Since I moved to L.A., my D.C. friends have been asking if I’ve spotted anybody famous yet.
Fittingly, my first celebrity sighting was pretty D.C.-esque, when Bernie Sanders showed up at the Times building in March to speak with the L.A. Times’ Editorial Board. Hillary Clinton spoke to the Editorial Board at later date, over the phone.
I didn’t think much of these interviews at the time, beyond them being high-profile conversations with presidential candidates. But today was the California primary, and it came to my attention that The Times endorsed Hillary Clinton for the Democratic nomination.
That would explain some of the more critical responses we’ve gotten after our recent piece on Bernie Sanders’ donors ran in last Saturday’s edition. Even though the article was more of an immense data-dive into Sanders supporters rather than a partisan piece (plus Bernie himself had nice things say), a lot of people asked variations of the question:
“How can you guys cover Bernie fairly, if you support Hillary?”
I’m not sure I have a complete answer. But I’ve learned a lot about what it means for The Times, or any newspaper for that matter, to endorse a candidate or to express a viewpoint.
First, it’s technically The Times’ Editorial Board that endorses Clinton.
The Editorial Board authors pieces every day expressing opinions on a range of topics, beyond just political campaigns. These have included a criticism of the Gates Foundation’s U.S. education agenda and a call for Congress to fully fund airport security.
Second, the Editorial Board operates independently from the newsroom. This is an important distinction that was much more easily understood when newspapers existed only in paper form. Think of it as akin to content that appears in the Opinion section. Clearly, that material is editorially separated from the rest of the news.
Of course, an article signed “The Times Editorial Board” arguably carries more weight than one signed with the name of just any columnist or contributor.

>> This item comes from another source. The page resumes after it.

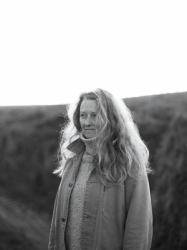 On Winter Hill : (Raynor Winn, 4)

Which brings me to my third point: the Editorial Board is not (as I’d originally thought) a collection of the section editors. Actually, it’s a separate team entirely. The L.A. Times has 10 people on its board; the New York Times has 16; the Washington Post has 9. Board members meet and debate topics regularly, before they determine what they want to say. (I’d love to be a fly on the wall during one of those!)
Though the terminology is confusing as heck, it makes perfect sense that there would be a divide between the editors and the editoral board. As the Post puts it: “News reporters and editors never contribute to editorial board discussions, and editorial board members don’t have any role in news coverage.”
All of this is to say that the whole point of the Editorial Board is to express institutional viewpoints, and to offer political endorsements, not to cover the news. I understand this now, and I don’t doubt newspaper political endorsements matter, especially in local elections.
Ultimately, though, I still find it hard to reconcile the fact that the Editorial Board gives the newspaper’s opinion, and yet has no bearing on the newspaper’s story coverage.